→ **TASK PROMPT**
Although the listing contains pictures, reproduce only its text, exactly as written.

--- START ---

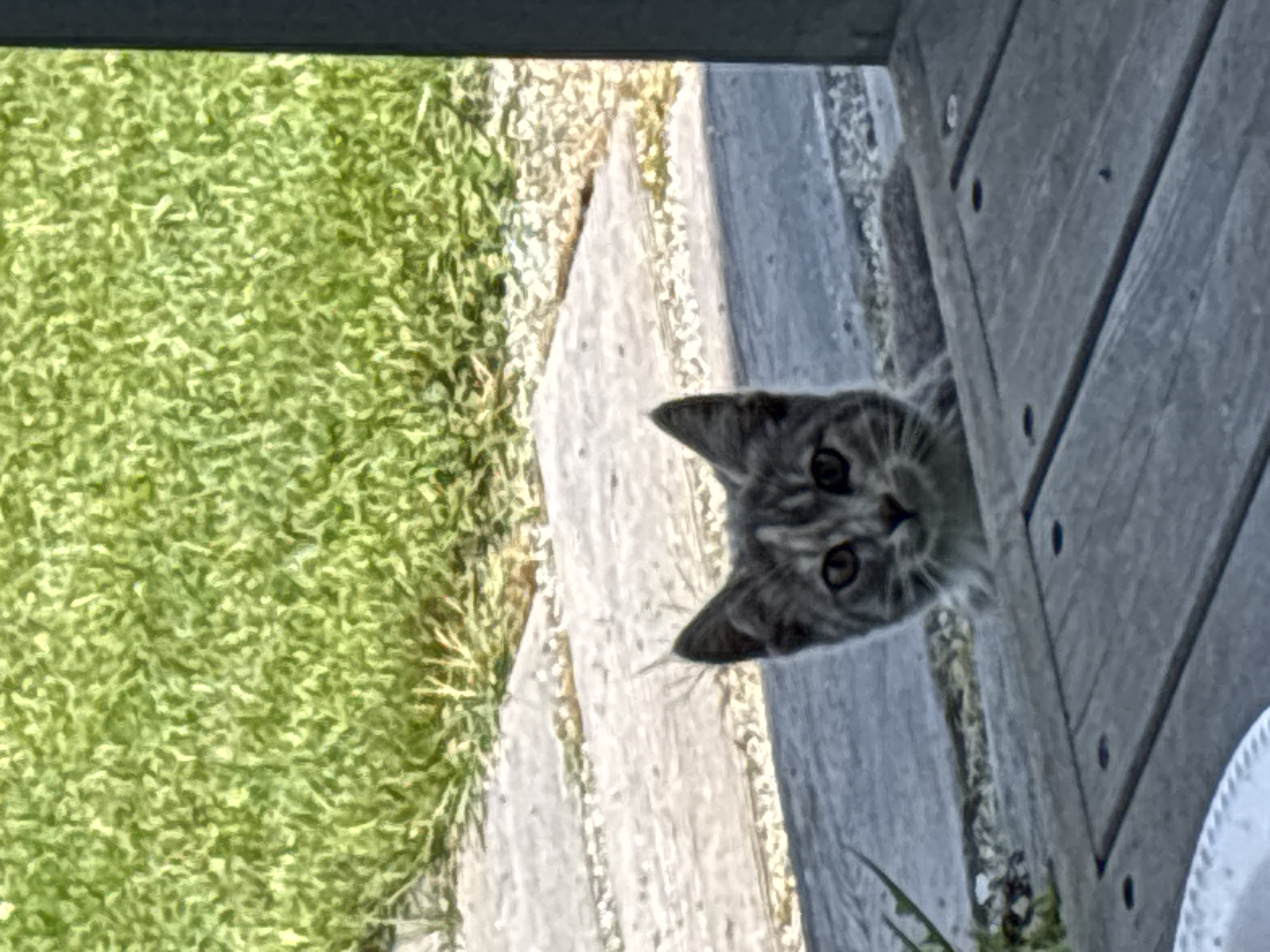 Kittens eating and exploring a backyard deck in Zvenigorod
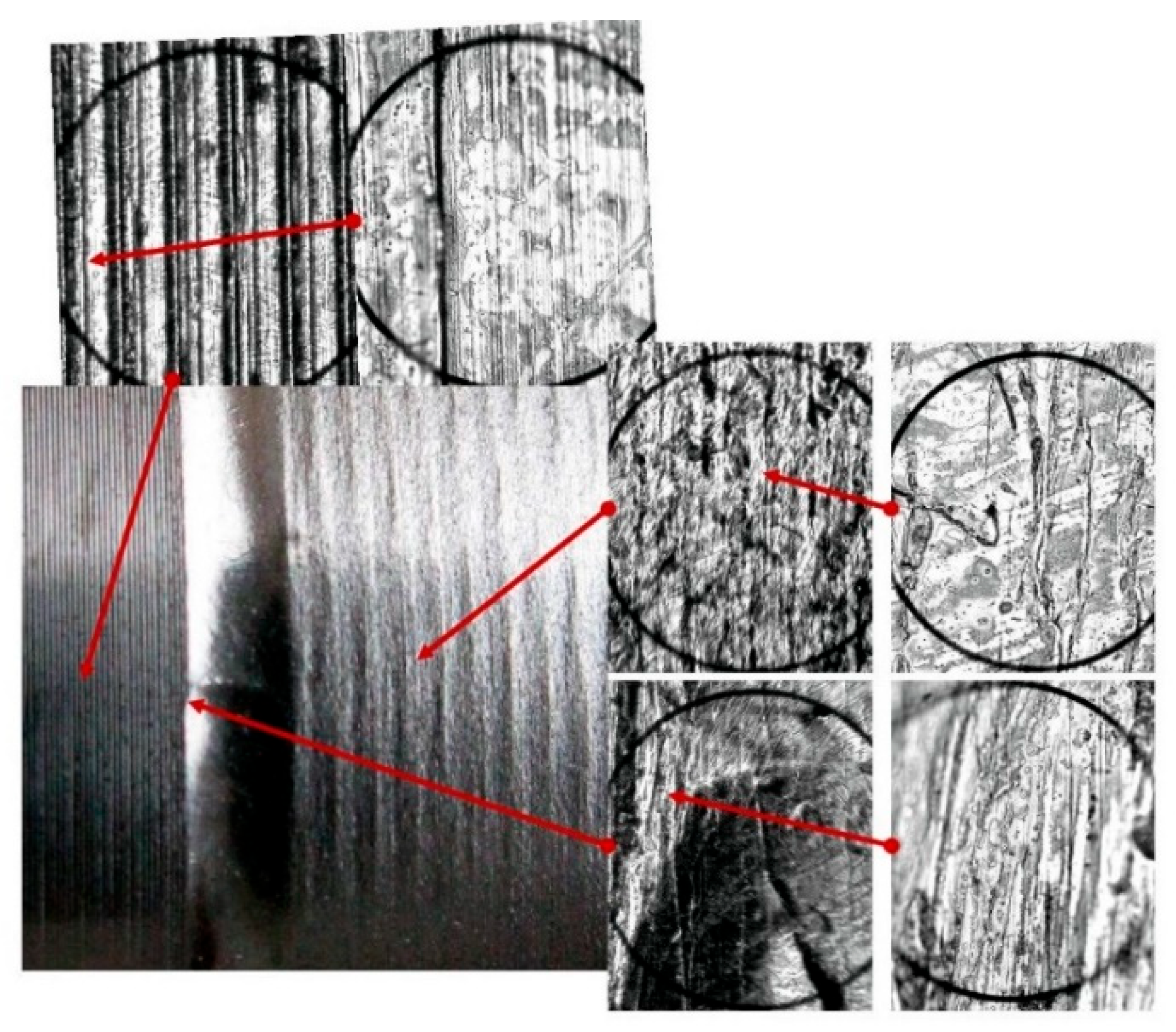 Materials 17 05635 g027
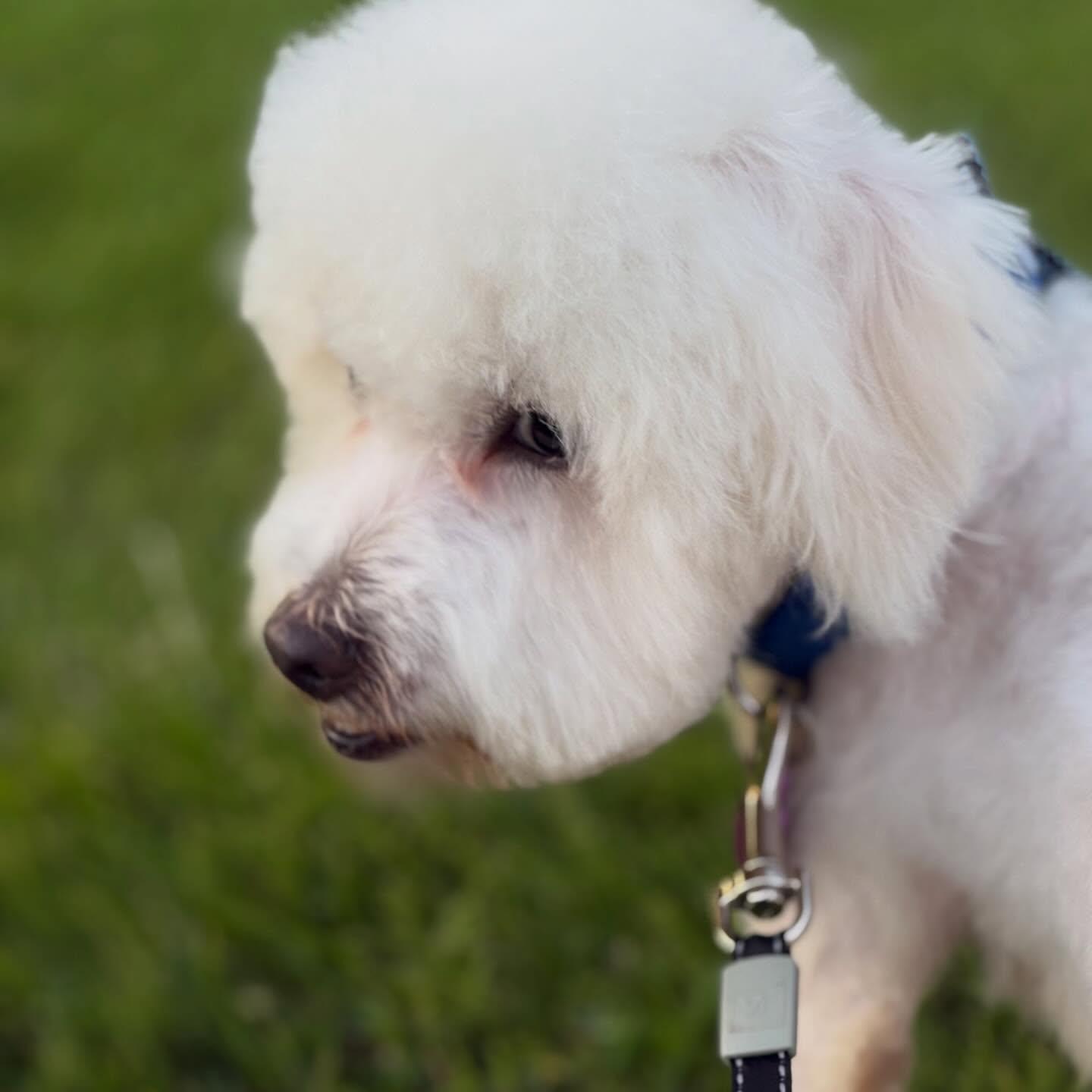 Steve, an adopted mixed breed in Detroit, MI image 5/5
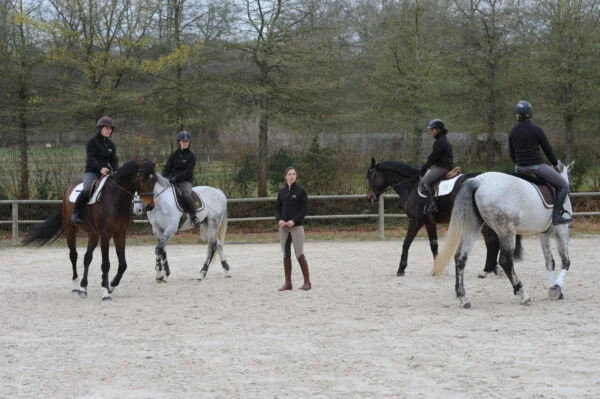 Stage Éducation & Dressage – Image 9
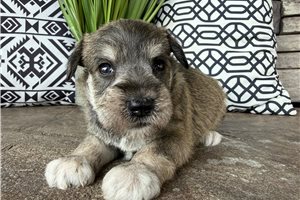 Muriel - Schnauzer, Miniature for sale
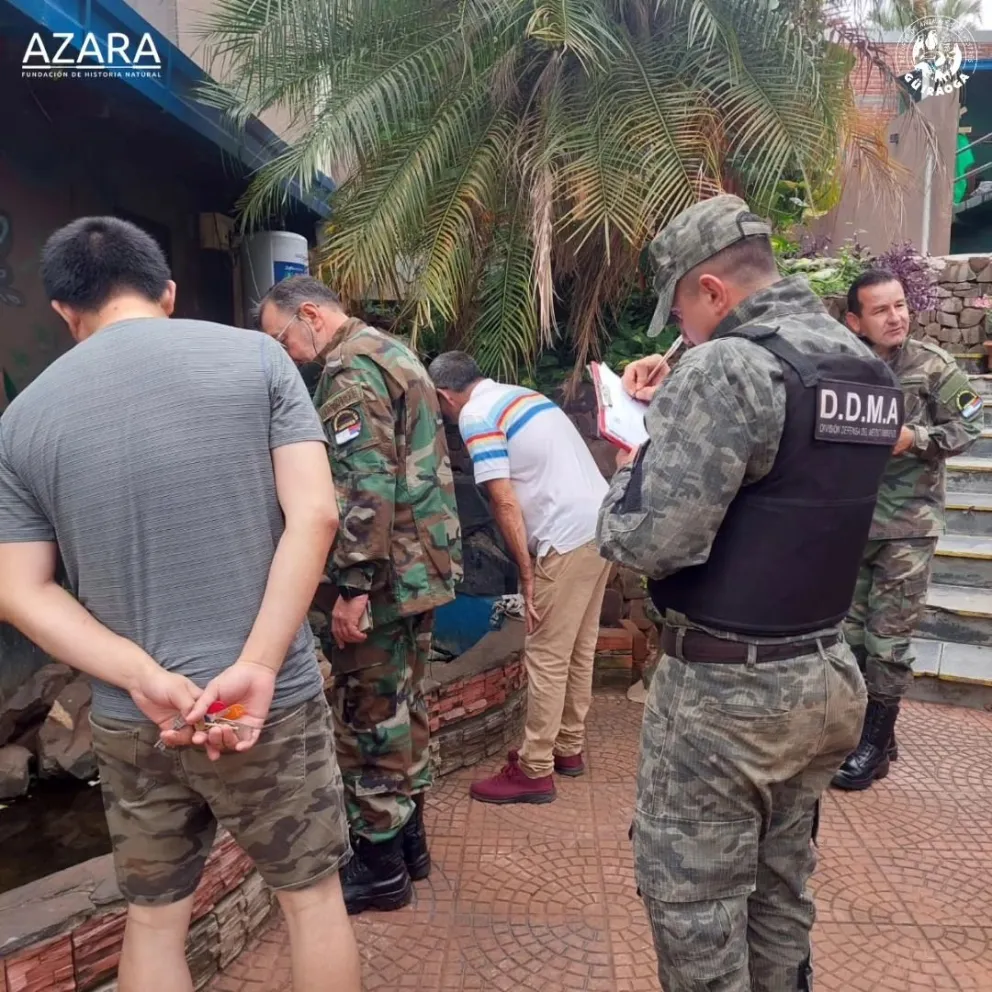 Rescataron tortugas que estaban en un estanque en un hotel de Iguazú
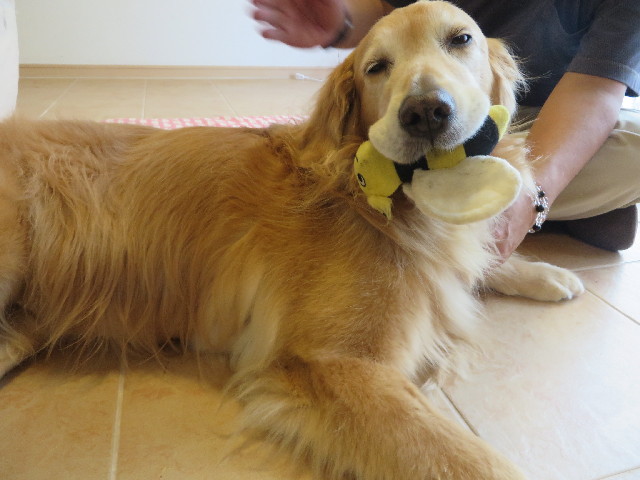 ファイル 3844-5.jpg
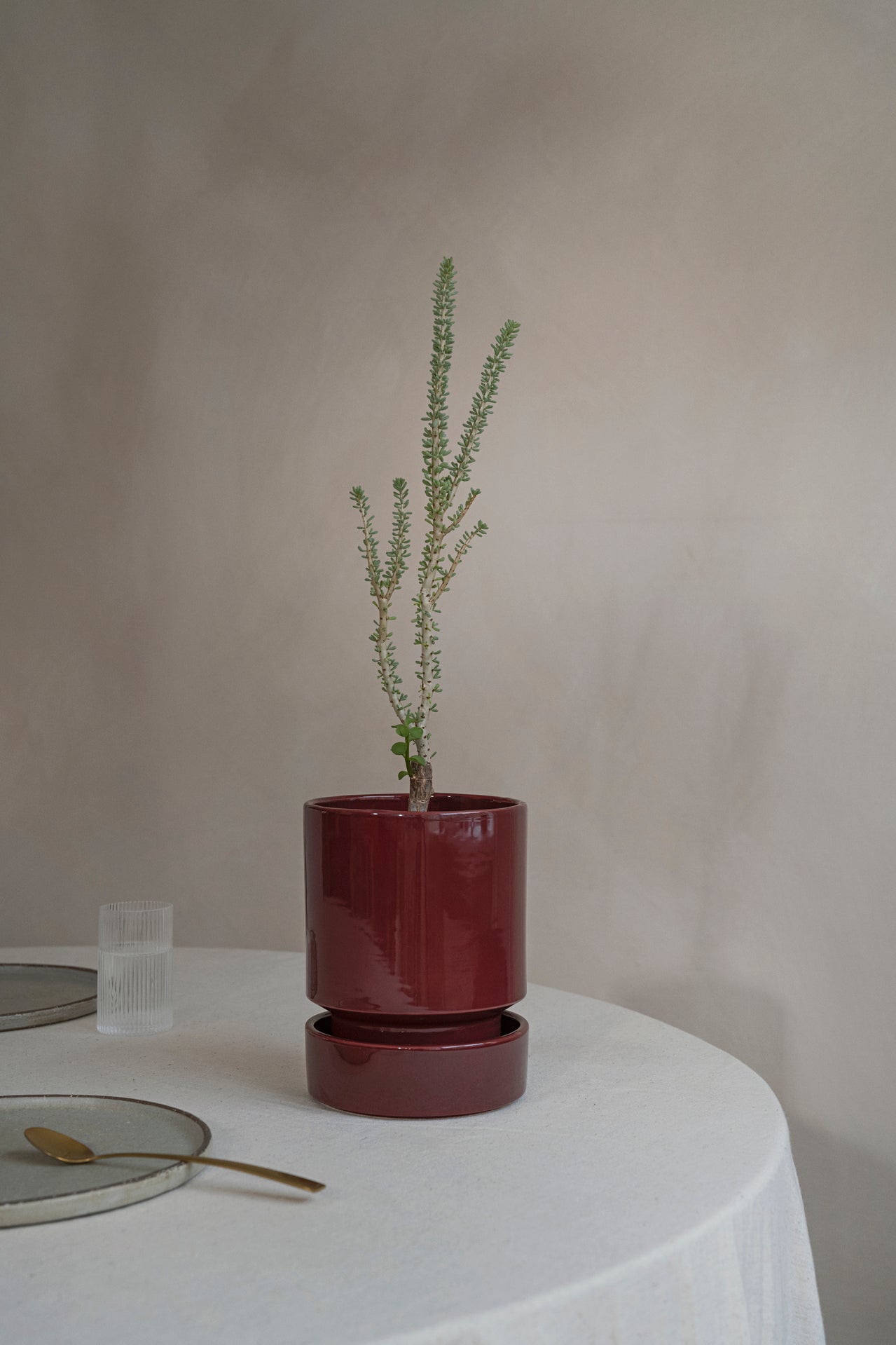 Hoff Glazed Pot (Saucer Sold Separately) - Deep Burgundy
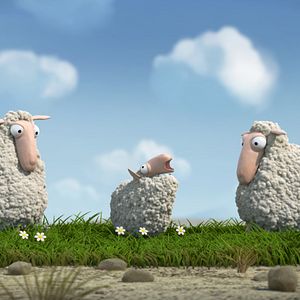 Bilder Petites casseroles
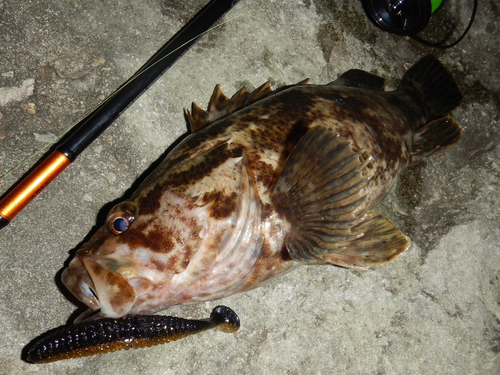 タケノコメバルの釣果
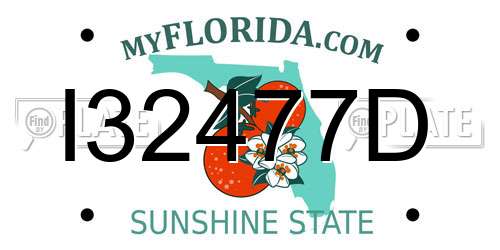 I32477D Florida License Plate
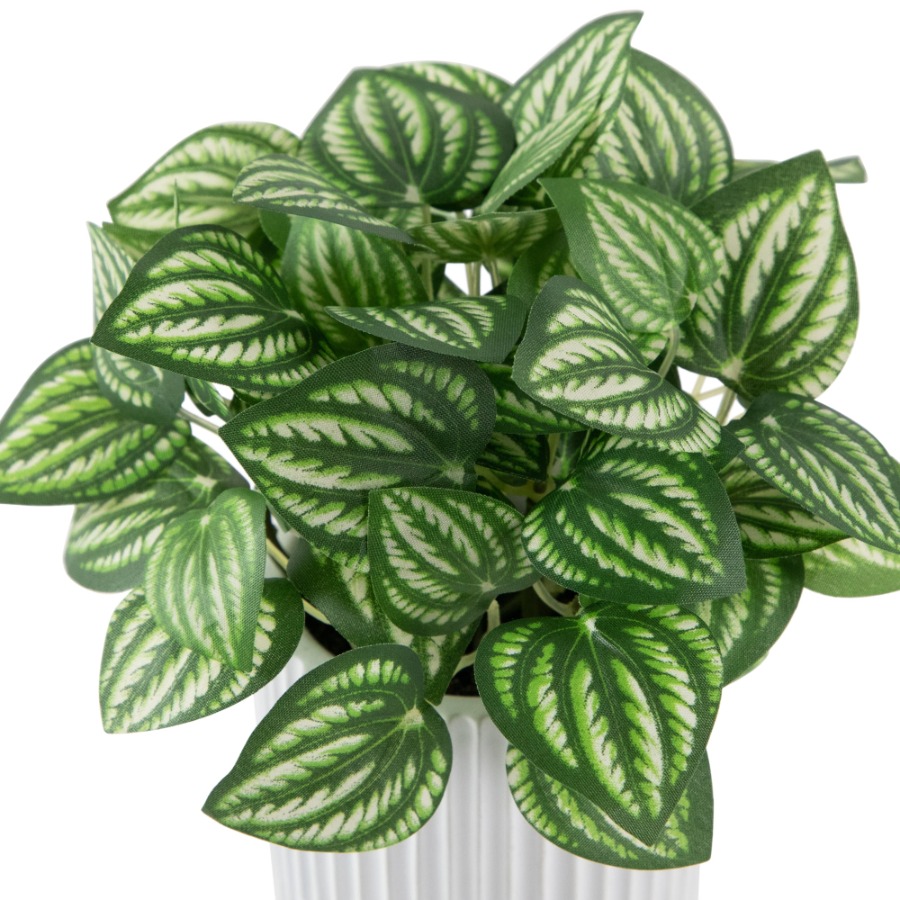 Artificial Watermelon Peperomi - Peperomia Watermelon 리뷰 및 가격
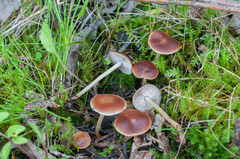 Gymnopus ocior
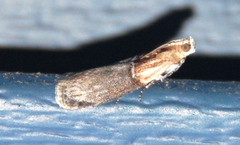 Sciota basilaris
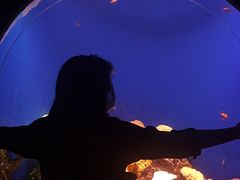 -江和美海洋公园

--- END ---

→ **ANSWER SPACE**
 Kittens eating and exploring a backyard deck in Zvenigorod
 Materials 17 05635 g027
 Steve, an adopted mixed breed in Detroit, MI image 5/5
 Stage Éducation & Dressage – Image 9
 Muriel - Schnauzer, Miniature for sale
 Rescataron tortugas que estaban en un estanque en un hotel de Iguazú
 ファイル 3844-5.jpg
 Hoff Glazed Pot (Saucer Sold Separately) - Deep Burgundy
 Bilder Petites casseroles
 タケノコメバルの釣果
 I32477D Florida License Plate
 Artificial Watermelon Peperomi - Peperomia Watermelon 리뷰 및 가격
 Gymnopus ocior
 Sciota basilaris
 -江和美海洋公园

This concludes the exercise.